Each of these echoed my own positive responses. I was nervous before the meetings and excited by them from the first minute to the last. Having an extended voluntary conversation on a shared topic allowed me to appreciate the wit and wisdom of colleagues. Reading the books closely, whether or not I liked them, offered bracing mental exercise and brought me current on important topics. A high standard was maintained by each moderator’s prepared introduction of the book, which was preserved for useful reference on the wiki, along with detailed notes on the discussion, outlines of the books’ content and some written reflections by seminar members, including Alypios regular trenchant reviews.
The second question, “Which aspect(s) of the workshop could use improvement?” yielded these comments:
- Attendance was very spotty.
- Quality of the books. The content was at times more rhetoric than useful, and the essence also got repetitive which became boring.
- More discussion/work on how to tie to curriculum.
- Connection to curriculum development
- Would like to know if there was any consensus on the learning gained and how the learning is going to be actually utilized. What has the core decision making group achieved.

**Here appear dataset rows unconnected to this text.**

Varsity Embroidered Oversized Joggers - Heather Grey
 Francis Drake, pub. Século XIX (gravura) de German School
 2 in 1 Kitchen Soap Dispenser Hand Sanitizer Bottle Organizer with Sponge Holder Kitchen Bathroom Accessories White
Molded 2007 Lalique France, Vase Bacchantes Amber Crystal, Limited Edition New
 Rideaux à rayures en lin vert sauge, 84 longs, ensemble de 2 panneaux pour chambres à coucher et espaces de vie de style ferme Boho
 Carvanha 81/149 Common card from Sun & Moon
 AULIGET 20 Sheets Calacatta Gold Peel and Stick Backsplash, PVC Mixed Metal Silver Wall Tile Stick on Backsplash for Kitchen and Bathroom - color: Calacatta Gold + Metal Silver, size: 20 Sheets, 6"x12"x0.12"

They also confirmed my assessment. Spotty attendance was partly due to people being away at conferences and having conflicts with teaching schedules and partly to voting negatively with their feet. However, only one session, last May’s, drew fewer than ten and most drew fourteen or more.
Another concern for me was a sense that a number of attendees hadn’t done much of the homework. This was partly due to the uneven quality of the readings, some of which were poorly edited, overburdened with rhetoric, and overlapping in content. Even two classic Sustainability books that felt like world-changing prophecy when they first came out, Biomimicry and Cradle to Cradle, seemed overly optimistic or questionably argued when reread in the cold light of recent history.
Conditions two years ago, at the time this project was planned were perhaps more hopeful. Sponsored by the Academic Senate Sustainability Committee, itself an outgrowth of Cal Poly’s becoming signatory to the Talloires Declaration and joining the burgeoning Association for the Advancement of Sustainability in Higher Education(AASHE), one of the Book Club’s stated intentions was to be an incubator of a large university-wide Introduction to Sustainability course. A year ago three Club members met to start planning such a class. Implicit also was an aspiration to follow the strategy for institutional transformation of the kind proposed in Peter Senge’s “The Necessary Revolution.”
But these aspirations never materialized, a significant factor being my own flagging commitment to them. And what accounts for that? In the big world, the new Congress and Administration’s being swamped with economic catastrophe and stymied by Republican obstructionism, the failures of Copenhagen, the slowing of progress toward a sane energy policy, the expansion of our wars in Asia, and the general continuation of business as usual in the face of growing crises. Cal Poly history took a parallel course: budget cuts, threats, and furloughs undermined hopes for experiment and reform, the sudden disappearance of the UNIV program eliminated any institutional framework for mounting interdisciplinary courses, and the Academic Senate Sustainability Committee itself was threatened with dissolution.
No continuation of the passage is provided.